**PROBLEM STATEMENT**
Set down, in full, every record in the block.

Records from a dataset
↓↓↓

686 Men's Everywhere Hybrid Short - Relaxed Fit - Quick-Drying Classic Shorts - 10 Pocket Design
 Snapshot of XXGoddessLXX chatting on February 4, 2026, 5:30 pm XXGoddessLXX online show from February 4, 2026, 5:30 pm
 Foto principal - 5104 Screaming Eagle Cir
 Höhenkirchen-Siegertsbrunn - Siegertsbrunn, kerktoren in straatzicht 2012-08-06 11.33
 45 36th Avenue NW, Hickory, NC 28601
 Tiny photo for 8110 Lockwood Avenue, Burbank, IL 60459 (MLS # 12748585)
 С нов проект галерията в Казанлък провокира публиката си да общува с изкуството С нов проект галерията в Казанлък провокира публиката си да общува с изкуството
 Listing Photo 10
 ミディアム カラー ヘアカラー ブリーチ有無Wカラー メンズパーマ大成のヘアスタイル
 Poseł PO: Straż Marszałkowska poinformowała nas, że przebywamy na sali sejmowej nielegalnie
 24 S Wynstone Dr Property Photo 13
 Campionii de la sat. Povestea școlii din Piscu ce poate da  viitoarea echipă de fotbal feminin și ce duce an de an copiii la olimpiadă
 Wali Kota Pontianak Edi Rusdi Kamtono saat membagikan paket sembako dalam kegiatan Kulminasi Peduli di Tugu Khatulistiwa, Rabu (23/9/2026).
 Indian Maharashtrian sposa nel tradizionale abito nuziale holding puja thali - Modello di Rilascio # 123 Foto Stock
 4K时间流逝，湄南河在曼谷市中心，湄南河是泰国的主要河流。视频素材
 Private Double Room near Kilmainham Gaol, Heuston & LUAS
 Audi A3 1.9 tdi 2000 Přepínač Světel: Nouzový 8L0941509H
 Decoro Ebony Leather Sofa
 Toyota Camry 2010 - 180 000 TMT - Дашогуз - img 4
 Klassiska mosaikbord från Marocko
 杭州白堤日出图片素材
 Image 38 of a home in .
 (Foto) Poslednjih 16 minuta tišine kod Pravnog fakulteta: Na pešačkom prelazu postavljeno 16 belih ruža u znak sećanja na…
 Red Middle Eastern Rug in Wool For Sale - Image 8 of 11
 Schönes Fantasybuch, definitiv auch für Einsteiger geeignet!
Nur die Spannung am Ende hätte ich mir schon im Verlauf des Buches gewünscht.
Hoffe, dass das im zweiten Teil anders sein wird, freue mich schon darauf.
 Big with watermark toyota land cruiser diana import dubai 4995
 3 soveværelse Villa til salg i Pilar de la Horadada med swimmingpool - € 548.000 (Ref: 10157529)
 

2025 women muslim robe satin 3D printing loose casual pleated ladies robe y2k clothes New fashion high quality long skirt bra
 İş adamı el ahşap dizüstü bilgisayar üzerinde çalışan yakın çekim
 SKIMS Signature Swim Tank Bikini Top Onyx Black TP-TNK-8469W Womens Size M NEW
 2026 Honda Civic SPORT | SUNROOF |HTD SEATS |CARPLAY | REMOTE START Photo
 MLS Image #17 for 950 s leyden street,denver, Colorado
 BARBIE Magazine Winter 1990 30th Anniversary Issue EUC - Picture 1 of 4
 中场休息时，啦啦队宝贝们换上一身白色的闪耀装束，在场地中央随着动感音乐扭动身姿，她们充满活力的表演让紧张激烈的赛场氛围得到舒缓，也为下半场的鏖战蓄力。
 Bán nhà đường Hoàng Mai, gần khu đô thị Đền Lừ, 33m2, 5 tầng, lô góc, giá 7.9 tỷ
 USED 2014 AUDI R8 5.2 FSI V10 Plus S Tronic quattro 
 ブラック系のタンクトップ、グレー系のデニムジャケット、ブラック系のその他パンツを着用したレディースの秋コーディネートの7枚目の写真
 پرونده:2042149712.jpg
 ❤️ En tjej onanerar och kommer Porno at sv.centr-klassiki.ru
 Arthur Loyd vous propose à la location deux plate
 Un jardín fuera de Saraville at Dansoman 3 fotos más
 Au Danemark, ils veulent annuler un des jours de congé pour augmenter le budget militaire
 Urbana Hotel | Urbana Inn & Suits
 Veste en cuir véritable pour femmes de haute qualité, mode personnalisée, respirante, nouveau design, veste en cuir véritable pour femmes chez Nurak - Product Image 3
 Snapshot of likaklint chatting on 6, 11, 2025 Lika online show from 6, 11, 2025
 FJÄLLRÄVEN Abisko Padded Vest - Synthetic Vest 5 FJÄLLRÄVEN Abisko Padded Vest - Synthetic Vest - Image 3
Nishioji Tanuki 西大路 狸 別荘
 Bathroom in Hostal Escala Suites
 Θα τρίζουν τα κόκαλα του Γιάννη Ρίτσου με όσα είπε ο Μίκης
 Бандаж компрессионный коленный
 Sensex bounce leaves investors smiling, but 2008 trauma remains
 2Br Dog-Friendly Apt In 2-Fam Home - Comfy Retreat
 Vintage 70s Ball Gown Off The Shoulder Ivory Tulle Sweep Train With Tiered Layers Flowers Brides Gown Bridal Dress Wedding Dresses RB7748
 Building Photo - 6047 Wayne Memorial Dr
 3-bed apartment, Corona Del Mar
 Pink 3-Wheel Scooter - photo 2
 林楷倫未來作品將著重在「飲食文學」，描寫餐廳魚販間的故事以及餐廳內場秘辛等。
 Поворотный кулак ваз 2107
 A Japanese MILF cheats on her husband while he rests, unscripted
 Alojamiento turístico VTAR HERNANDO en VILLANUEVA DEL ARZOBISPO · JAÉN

↑↑↑

**REPLY**
686 Men's Everywhere Hybrid Short - Relaxed Fit - Quick-Drying Classic Shorts - 10 Pocket Design
 Snapshot of XXGoddessLXX chatting on February 4, 2026, 5:30 pm XXGoddessLXX online show from February 4, 2026, 5:30 pm
 Foto principal - 5104 Screaming Eagle Cir
 Höhenkirchen-Siegertsbrunn - Siegertsbrunn, kerktoren in straatzicht 2012-08-06 11.33
 45 36th Avenue NW, Hickory, NC 28601
 Tiny photo for 8110 Lockwood Avenue, Burbank, IL 60459 (MLS # 12748585)
 С нов проект галерията в Казанлък провокира публиката си да общува с изкуството С нов проект галерията в Казанлък провокира публиката си да общува с изкуството
 Listing Photo 10
 ミディアム カラー ヘアカラー ブリーチ有無Wカラー メンズパーマ大成のヘアスタイル
 Poseł PO: Straż Marszałkowska poinformowała nas, że przebywamy na sali sejmowej nielegalnie
 24 S Wynstone Dr Property Photo 13
 Campionii de la sat. Povestea școlii din Piscu ce poate da  viitoarea echipă de fotbal feminin și ce duce an de an copiii la olimpiadă
 Wali Kota Pontianak Edi Rusdi Kamtono saat membagikan paket sembako dalam kegiatan Kulminasi Peduli di Tugu Khatulistiwa, Rabu (23/9/2026).
 Indian Maharashtrian sposa nel tradizionale abito nuziale holding puja thali - Modello di Rilascio # 123 Foto Stock
 4K时间流逝，湄南河在曼谷市中心，湄南河是泰国的主要河流。视频素材
 Private Double Room near Kilmainham Gaol, Heuston & LUAS
 Audi A3 1.9 tdi 2000 Přepínač Světel: Nouzový 8L0941509H
 Decoro Ebony Leather Sofa
 Toyota Camry 2010 - 180 000 TMT - Дашогуз - img 4
 Klassiska mosaikbord från Marocko
 杭州白堤日出图片素材
 Image 38 of a home in .
 (Foto) Poslednjih 16 minuta tišine kod Pravnog fakulteta: Na pešačkom prelazu postavljeno 16 belih ruža u znak sećanja na…
 Red Middle Eastern Rug in Wool For Sale - Image 8 of 11
 Schönes Fantasybuch, definitiv auch für Einsteiger geeignet!
Nur die Spannung am Ende hätte ich mir schon im Verlauf des Buches gewünscht.
Hoffe, dass das im zweiten Teil anders sein wird, freue mich schon darauf.
 Big with watermark toyota land cruiser diana import dubai 4995
 3 soveværelse Villa til salg i Pilar de la Horadada med swimmingpool - € 548.000 (Ref: 10157529)
 

2025 women muslim robe satin 3D printing loose casual pleated ladies robe y2k clothes New fashion high quality long skirt bra
 İş adamı el ahşap dizüstü bilgisayar üzerinde çalışan yakın çekim
 SKIMS Signature Swim Tank Bikini Top Onyx Black TP-TNK-8469W Womens Size M NEW
 2026 Honda Civic SPORT | SUNROOF |HTD SEATS |CARPLAY | REMOTE START Photo
 MLS Image #17 for 950 s leyden street,denver, Colorado
 BARBIE Magazine Winter 1990 30th Anniversary Issue EUC - Picture 1 of 4
 中场休息时，啦啦队宝贝们换上一身白色的闪耀装束，在场地中央随着动感音乐扭动身姿，她们充满活力的表演让紧张激烈的赛场氛围得到舒缓，也为下半场的鏖战蓄力。
 Bán nhà đường Hoàng Mai, gần khu đô thị Đền Lừ, 33m2, 5 tầng, lô góc, giá 7.9 tỷ
 USED 2014 AUDI R8 5.2 FSI V10 Plus S Tronic quattro 
 ブラック系のタンクトップ、グレー系のデニムジャケット、ブラック系のその他パンツを着用したレディースの秋コーディネートの7枚目の写真
 پرونده:2042149712.jpg
 ❤️ En tjej onanerar och kommer Porno at sv.centr-klassiki.ru
 Arthur Loyd vous propose à la location deux plate
 Un jardín fuera de Saraville at Dansoman 3 fotos más
 Au Danemark, ils veulent annuler un des jours de congé pour augmenter le budget militaire
 Urbana Hotel | Urbana Inn & Suits
 Veste en cuir véritable pour femmes de haute qualité, mode personnalisée, respirante, nouveau design, veste en cuir véritable pour femmes chez Nurak - Product Image 3
 Snapshot of likaklint chatting on 6, 11, 2025 Lika online show from 6, 11, 2025
 FJÄLLRÄVEN Abisko Padded Vest - Synthetic Vest 5 FJÄLLRÄVEN Abisko Padded Vest - Synthetic Vest - Image 3
Nishioji Tanuki 西大路 狸 別荘
 Bathroom in Hostal Escala Suites
 Θα τρίζουν τα κόκαλα του Γιάννη Ρίτσου με όσα είπε ο Μίκης
 Бандаж компрессионный коленный
 Sensex bounce leaves investors smiling, but 2008 trauma remains
 2Br Dog-Friendly Apt In 2-Fam Home - Comfy Retreat
 Vintage 70s Ball Gown Off The Shoulder Ivory Tulle Sweep Train With Tiered Layers Flowers Brides Gown Bridal Dress Wedding Dresses RB7748
 Building Photo - 6047 Wayne Memorial Dr
 3-bed apartment, Corona Del Mar
 Pink 3-Wheel Scooter - photo 2
 林楷倫未來作品將著重在「飲食文學」，描寫餐廳魚販間的故事以及餐廳內場秘辛等。
 Поворотный кулак ваз 2107
 A Japanese MILF cheats on her husband while he rests, unscripted
 Alojamiento turístico VTAR HERNANDO en VILLANUEVA DEL ARZOBISPO · JAÉN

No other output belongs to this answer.